▸ **TASK STATEMENT**
Among the records, find the lines that hold the string "Image" and return them.

◇ ◇ ◇ ◇ ◇ ◇ ◇

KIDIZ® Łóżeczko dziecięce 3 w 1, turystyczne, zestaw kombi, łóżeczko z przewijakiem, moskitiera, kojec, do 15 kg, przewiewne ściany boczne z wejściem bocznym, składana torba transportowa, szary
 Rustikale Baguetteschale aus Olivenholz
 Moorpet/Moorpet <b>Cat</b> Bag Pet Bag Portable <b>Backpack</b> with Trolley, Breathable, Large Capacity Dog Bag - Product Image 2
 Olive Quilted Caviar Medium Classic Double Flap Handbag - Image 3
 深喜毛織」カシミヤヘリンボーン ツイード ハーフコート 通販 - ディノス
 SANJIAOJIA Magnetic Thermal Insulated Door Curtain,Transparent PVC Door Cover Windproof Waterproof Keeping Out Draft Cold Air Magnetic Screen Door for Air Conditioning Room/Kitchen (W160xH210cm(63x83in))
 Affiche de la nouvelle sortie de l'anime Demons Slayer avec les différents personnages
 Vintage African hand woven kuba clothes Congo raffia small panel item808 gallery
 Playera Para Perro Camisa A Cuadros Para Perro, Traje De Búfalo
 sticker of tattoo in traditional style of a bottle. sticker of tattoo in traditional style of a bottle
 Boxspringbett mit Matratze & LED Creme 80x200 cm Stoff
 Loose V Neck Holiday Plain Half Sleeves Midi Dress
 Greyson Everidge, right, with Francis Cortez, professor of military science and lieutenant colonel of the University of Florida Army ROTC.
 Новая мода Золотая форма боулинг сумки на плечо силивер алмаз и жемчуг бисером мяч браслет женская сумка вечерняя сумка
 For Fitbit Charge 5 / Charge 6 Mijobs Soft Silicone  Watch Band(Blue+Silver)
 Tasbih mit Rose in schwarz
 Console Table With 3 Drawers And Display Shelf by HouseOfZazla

◇ ◇ ◇ ◇ ◇ ◇ ◇

▸ **ANSWER FOR THIS EXERCISE**
 Moorpet/Moorpet <b>Cat</b> Bag Pet Bag Portable <b>Backpack</b> with Trolley, Breathable, Large Capacity Dog Bag - Product Image 2
 Olive Quilted Caviar Medium Classic Double Flap Handbag - Image 3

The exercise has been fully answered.